Please give back exactly the line with "贝加尔湖覆轮一物一拍446" and each line after it through the end of the material, leaving out the pictures.

- **EXCERPTED DATA**
^^^^^^^^

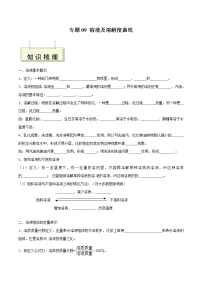 专题09 溶液及溶解度曲线- 决胜2023年中考化学一轮地毯式复习（全国通用）（无答案）
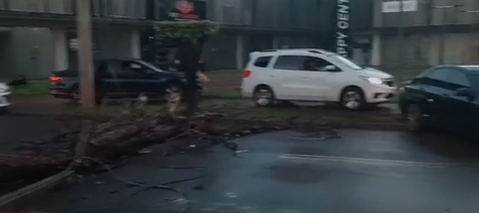 Com rua bloqueada por &aacute;rvores, motoristas desviam pela cal&ccedil;ada ap&oacute;s temporal 
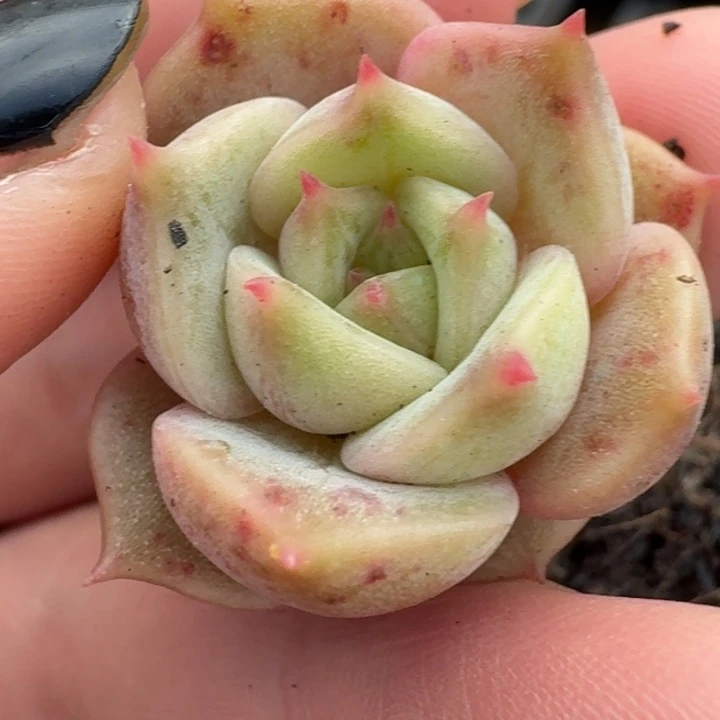 贝加尔湖覆轮一物一拍446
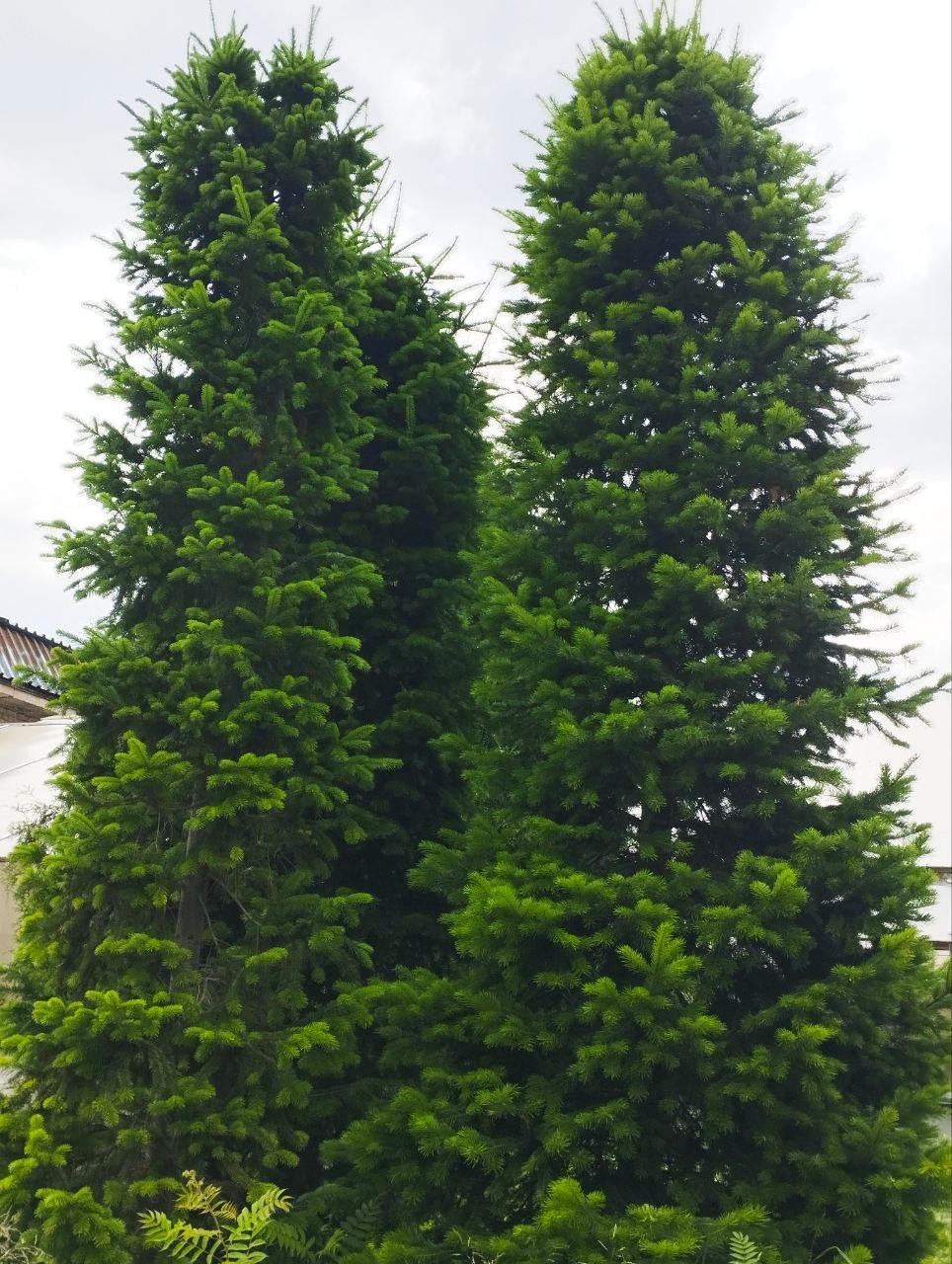 Превью изображения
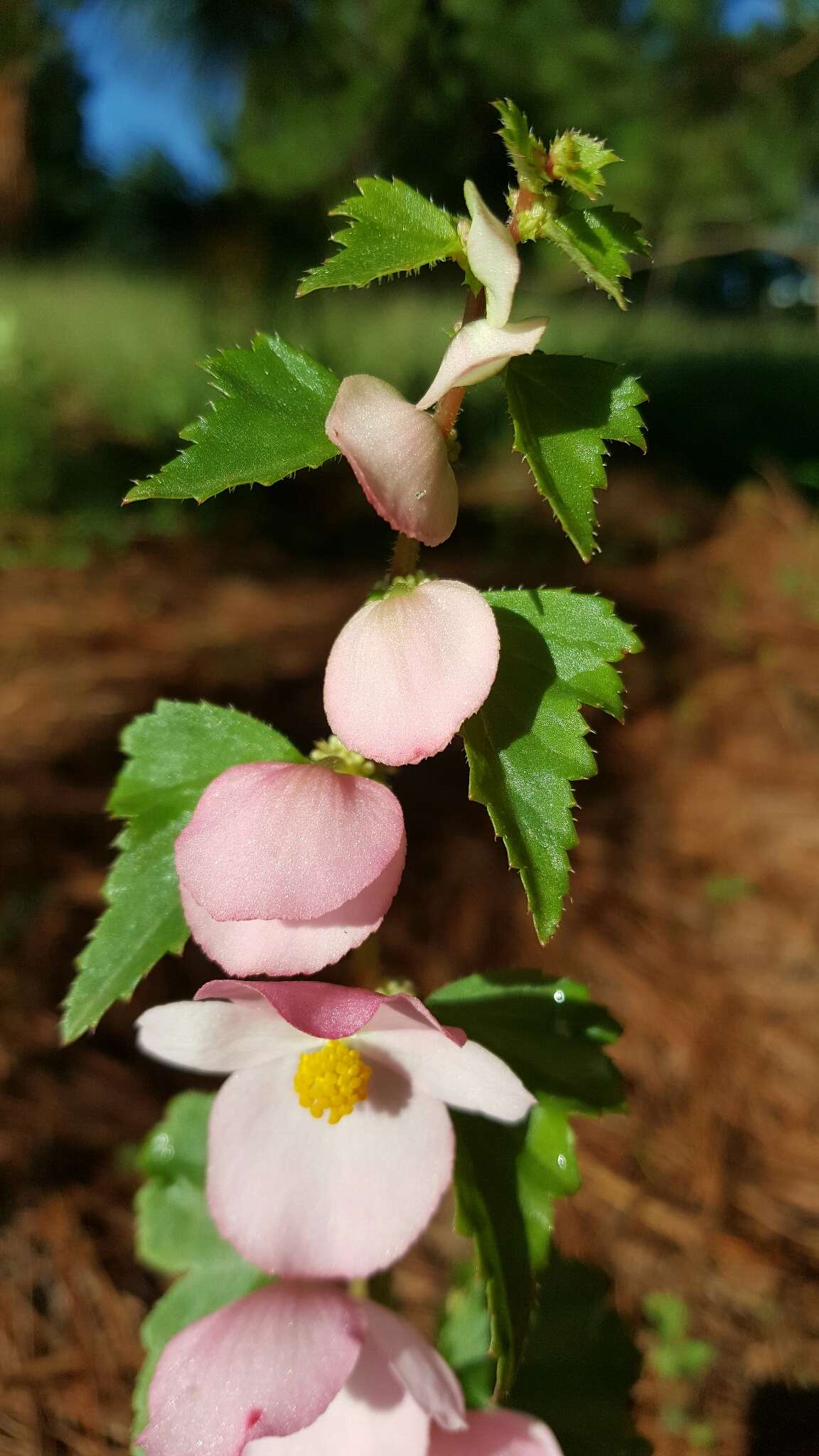 Слика од Begonia gracilis Kunth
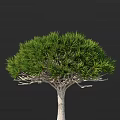 Lush Umbrella Canopy Tree With Needle Like Foliage And Grayish Trunk 3d model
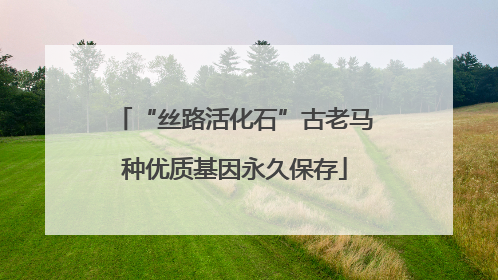 “丝路活化石”古老马种优质基因永久保存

^^^^^^^^

- **ANSWER FOR THIS EXERCISE**
 贝加尔湖覆轮一物一拍446
 Превью изображения
 Слика од Begonia gracilis Kunth
 Lush Umbrella Canopy Tree With Needle Like Foliage And Grayish Trunk 3d model
 “丝路活化石”古老马种优质基因永久保存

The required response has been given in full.